Attn(Q,K,V) = D^{-1} * phi(Q) * (phi(K)^T * V)
D = diag(phi(Q) * phi(K)^T * 1)

Computing phi(K)^T V is O(Ndm) instead of O(N^2d).

Architecture

Input [batch, seq_len, embed_dim]
      |
      v
+-------------------------------------+
|  Performer Block                     |
|                                      |
|  LayerNorm                           |
|    -> Q, K, V projections            |
|    -> Random feature map phi(Q,K)    |
|       (orthogonal random features)   |
|    -> KV = phi(K)^T * V   [d, d]    |
|    -> out = phi(Q) * KV    [N, d]   |
|    -> normalize by D                 |
|  -> Residual                         |
|                                      |
|  LayerNorm -> FFN -> Residual        |
+-------------------------------------+
      | (repeat for num_layers)
      v
Last timestep -> [batch, hidden_size]

Complexity

Component	Standard	Performer
Time	O(N^2 * d)	O(N d m)
Space	O(N^2 + N*d)	O(N * (d+m))
Random features	-	m (default 64)

Where m = num_features controls approximation quality vs speed tradeoff.

Usage

model = Performer.build(
  embed_dim: 287,
  hidden_size: 256,
  num_features: 64,
  num_layers: 4,
  dropout: 0.1
)

References

Paper: "Rethinking Attention with Performers" (Choromanski et al., ICLR 2021)
FAVOR+: Fast Attention Via positive Orthogonal Random features

Summary

Types

build_opt()

Options for build/1.

Functions

build(opts \\ [])

Build a Performer model for sequence processing.

generate_orthogonal_features(head_dim, num_features, opts \\ [])

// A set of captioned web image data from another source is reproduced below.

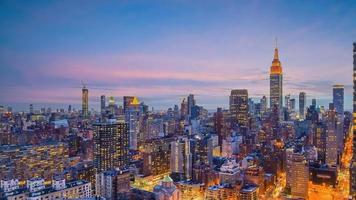 Manhattan città orizzonte paesaggio urbano di nuovo York a partire dal superiore Visualizza foto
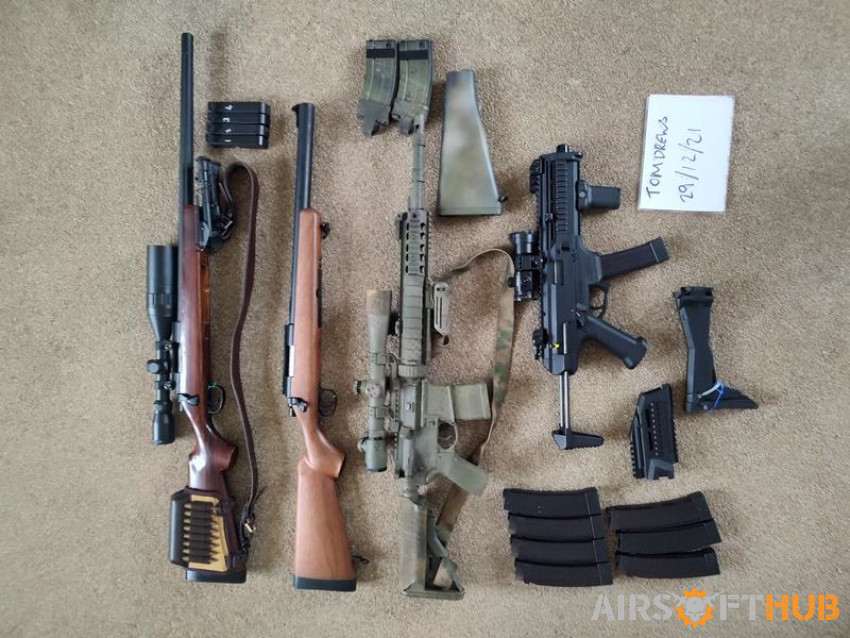 Multiple highly upgraded guns - Used airsoft equipment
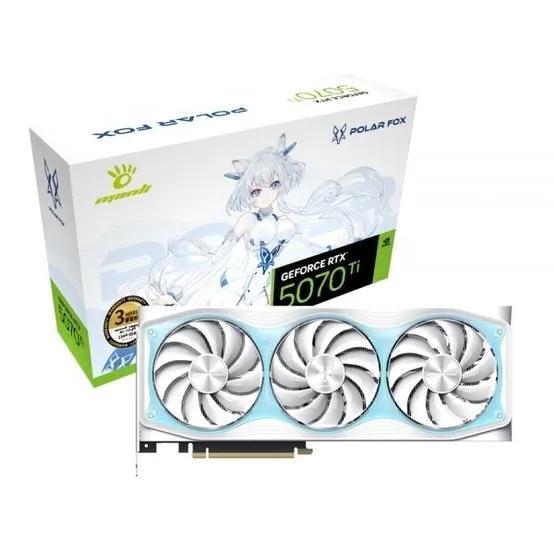MANLi 지포스 RTX 5070 Ti Polar Fox OC D7 16GB 대원씨티에스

Generate orthogonal random features for FAVOR+ via QR decomposition.

output_size(opts \\ [])

Get the output size of a Performer model.

param_count(opts)

Calculate approximate parameter count for a Performer model.

recommended_defaults()

Recommended default configuration for sequence processing.